Most biographies say that Green was born into slavery on March 4, 1834, in Mount Sterling, Kentucky, in Montgomery County, east of Lexington, although the 1900 census lists her year of birth as 1854. (Official birth certificates for slaves were rarely filed.) She won her freedom and was hired as a nanny and housekeeper by Walker’s father, who transplanted the family to Chicago.
Green helped care for Walker’s sons, Charles and Samuel, and her pancakes were said to be popular among the family’s friends.
As Aunt Jemima, she proved to be a promotional bonanza for R.T. Davis at the Columbian Exposition, which included an exhibit of a miniature West African village whose natives were portrayed as savages.
The Aunt Jemima mythology transported Green to a tiny cabin in Louisiana, where she was the loyal cook for a Col. Higbee, a plantation owner on the Mississippi. When Union soldiers during the Civil War threatened to rip off his mustache, the story went, she diverted them with her pancakes long enough for the colonel to escape. The troops were so smitten that they urged her to come north and share her recipe.
This backstory was created by James Webb Young, an advertising executive, and illustrator N.C. Wyeth (the father of artist Andrew Wyeth). In promotional material, Aunt Jemima was called “the cook whose cabin became more famous than Uncle Tom’s.”
“Those who knew her best,” it went on, “who knew her even from the time when she first came up from her little cabin home, they found her still the simple, earnest smiling mammy — it was all the same to her.”
In reality, “this Aunt Jemima logo was an outgrowth of Old South plantation nostalgia and romance,” Riché Richardson, an associate professor in the Africana Studies and Research Center at Cornell University, wrote in The New York Times in 2015. It was an image, she said, “grounded in an idea about the ‘mammy,’ a devoted and submissive servant who eagerly nurtured the children of her white master and mistress while neglecting her own.”
Green was said to have received a lifetime contract and made a fortune, but it’s more likely that she simply worked for the company (she described herself in the 1910 census as a “housekeeper”) while serving as a missionary for the historic Olivet Baptist Church in Chicago.
In 1900, after 30 years of marriage, she was widowed. Green died from her injuries in the car accident on Aug. 30, 1923, having outlived her two children. She was believed to be 89. She was living with a great-nephew and his wife at the time.
Green was buried in an unmarked grave in Oakwood Cemetery in Chicago. That same year, the United Daughters of the Confederacy nearly succeeded in erecting a monument to “faithful colored mammies.” Legislation was approved by the U.S. Senate but did not make it past the House.

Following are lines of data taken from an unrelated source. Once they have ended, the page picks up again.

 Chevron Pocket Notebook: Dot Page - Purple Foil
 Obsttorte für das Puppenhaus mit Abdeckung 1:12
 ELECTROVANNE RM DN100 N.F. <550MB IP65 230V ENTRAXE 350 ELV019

For 15 years, Sherry Williams, president of The Bronzeville Historical Society, which preserves African American culture in Chicago, searched for a descendant of Green to grant permission to place a headstone at her gravesite.
This year, she reached a great-great-great nephew, Marcus Hayes, of Huntsville, Alabama, who heartily agreed. Hayes, who is studying to become a pastor at Oakwood University, which is affiliated with the Seventh-day Adventist Church, said in a phone interview that Green had used her prominence to promote equality and would be disappointed that others had profited from her talent while her family received no recognition or compensation.

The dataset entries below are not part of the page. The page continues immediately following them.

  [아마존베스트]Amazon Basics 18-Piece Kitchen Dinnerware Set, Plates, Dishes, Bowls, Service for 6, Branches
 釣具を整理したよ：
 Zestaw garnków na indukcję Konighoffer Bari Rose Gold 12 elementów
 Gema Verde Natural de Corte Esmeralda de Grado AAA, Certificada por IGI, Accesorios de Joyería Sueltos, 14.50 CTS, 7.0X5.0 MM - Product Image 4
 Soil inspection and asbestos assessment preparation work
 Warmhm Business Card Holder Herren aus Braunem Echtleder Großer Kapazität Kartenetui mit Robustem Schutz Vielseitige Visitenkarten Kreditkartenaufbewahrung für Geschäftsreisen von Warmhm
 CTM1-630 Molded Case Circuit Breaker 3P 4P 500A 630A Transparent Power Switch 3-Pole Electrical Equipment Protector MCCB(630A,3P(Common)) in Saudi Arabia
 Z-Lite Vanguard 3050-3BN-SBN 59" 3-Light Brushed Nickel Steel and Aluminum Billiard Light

“She would want the real story to be told of her and the ladies that came after her,” Hayes said. “Aunt Jemima is more than a character. She is Nancy Green, and this is her recipe, and her legacy must be told.”

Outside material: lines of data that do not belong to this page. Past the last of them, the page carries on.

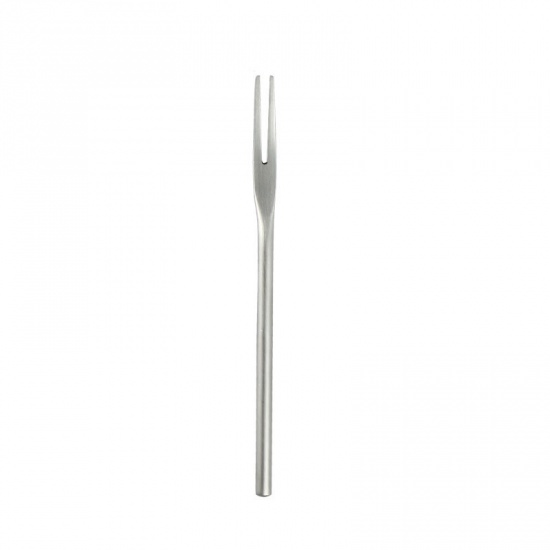 Picture of Silver - 304 Stainless Steel Sanding Short Fruit Fork 13x0.7cm, 1 Piece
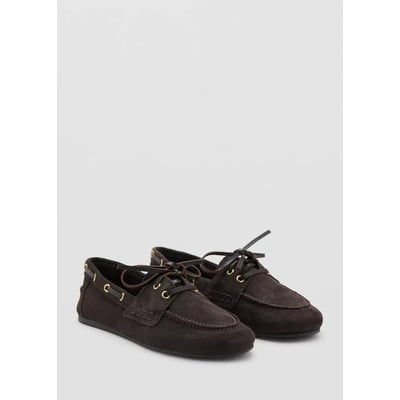 Chaussures bateau cuir à lacets MANGO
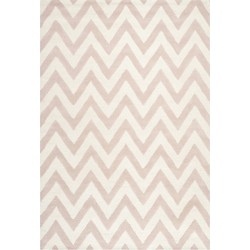 Safavieh Modern Indoor Hand Tufted Area Rug, Cambridge Collection, CAM139, in Light Pink & Ivory, 183 X 274 cm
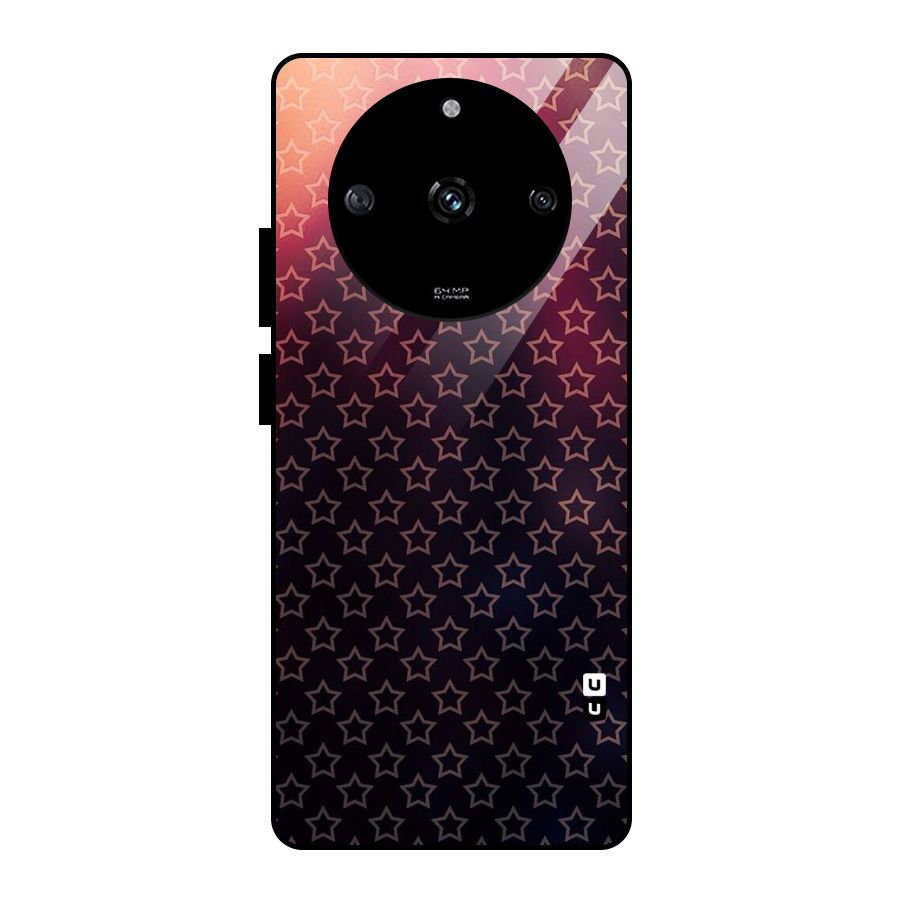 Ombre Stars Glass Back Case for Realme Narzo 60 5G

Williams said she hoped to hold a ceremony for Green at the cemetery this year. She also made the case not to forget the Aunt Jemima image.
“History does not simply disappear when you remove the Aunt Jemima image and brand name,” Williams wrote.
“Aunt Jemima is representative of the countless Black women who were and are the essential workers,” she added. “Nancy Green in particular is the ideal woman to salute.”